Tatiana Julien et Pedro Garcia-Velasquez présenteront pour la première fois la version live d'Initio du 29 novembre au 2 décembre à Chaillot-Théâtre national de la Danse.

L’opéra chorégraphique serait-il un genre qui a le vent en poupe ? On peut en ce moment, à Paris, étudier comment Anne Teresa de Keersmaeker met en scène Cosi fan tutte de Mozart avec les danseurs de Rosas, comme s’il s’agissait d’une pièce de danse contemporaine. En même temps, Tatiana Julien et Pedro Garcia-Velasquez ont conçu Initio, opéra de chambre chorégraphique, imaginé dès le départ dans l’idée d’une fusion totale entre chant et chorégraphie. La chorégraphe et le compositeur co-signent une œuvre dont ils assument conjointement la direction artistique, comme à l’époque Stravinski-Nijinski-Bakst. Mais ici, pas de décors peints. Juste des panneaux métalliques qui encadrent l’espace, et font office d’instruments à percussion, pour répondre depuis le plateau aux instruments enregistrés : Clarinette, saxo, violoncelle, violon, contrebasse et synthétiseur.

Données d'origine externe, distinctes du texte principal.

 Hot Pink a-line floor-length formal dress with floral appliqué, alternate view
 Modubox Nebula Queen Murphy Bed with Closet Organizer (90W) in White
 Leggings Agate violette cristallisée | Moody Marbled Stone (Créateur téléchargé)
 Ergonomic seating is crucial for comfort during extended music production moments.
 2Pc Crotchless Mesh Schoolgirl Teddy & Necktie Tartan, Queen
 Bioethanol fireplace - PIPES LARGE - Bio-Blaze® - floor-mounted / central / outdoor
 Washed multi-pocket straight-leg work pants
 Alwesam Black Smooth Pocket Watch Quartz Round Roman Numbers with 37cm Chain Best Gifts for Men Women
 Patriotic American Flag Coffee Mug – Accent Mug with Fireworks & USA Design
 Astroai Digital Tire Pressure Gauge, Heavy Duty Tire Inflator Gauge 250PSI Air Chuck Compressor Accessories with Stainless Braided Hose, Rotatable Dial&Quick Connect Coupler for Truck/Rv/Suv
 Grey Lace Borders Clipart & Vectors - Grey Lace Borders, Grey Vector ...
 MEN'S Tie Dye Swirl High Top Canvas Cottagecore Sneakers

Le contre-ténor Rodrigo Ferreira, excellent comédien par ailleurs, incarne un personnage, au même titre que les danseurs. Ou inversement. Car il est au centre de l’aventure. Ermite, charismatique, discrètement illuminé, ce gourou brûlé par le soleil guide sa communauté à travers des déserts imaginaires, à la recherche d’un lieu sacré à créer, d’un abri où se forger un destin partagé et heureux, sous le regard direct d’une divinité que seul l’ermite sait désigner.

Cocktail explosif

Mais au  fond, n’est-il pas fasciné par les apparitions erratiques de la Sybille (Tatiana Julien), au moins autant que par son besoin de trouver confort spirituel et adulation terrestre? Quand des désirs aussi extrêmes se rassemblent en une seule personne, apparemment d’un esprit calme mais non moins tourmenté, le cocktail devient explosif. Et l’ermite est armé ! Initio commence en mode film noir, et se termine en drame. Et pourtant les fidèles ne se détournent pas de leur gourou à la douceur si redoutable. Au contraire...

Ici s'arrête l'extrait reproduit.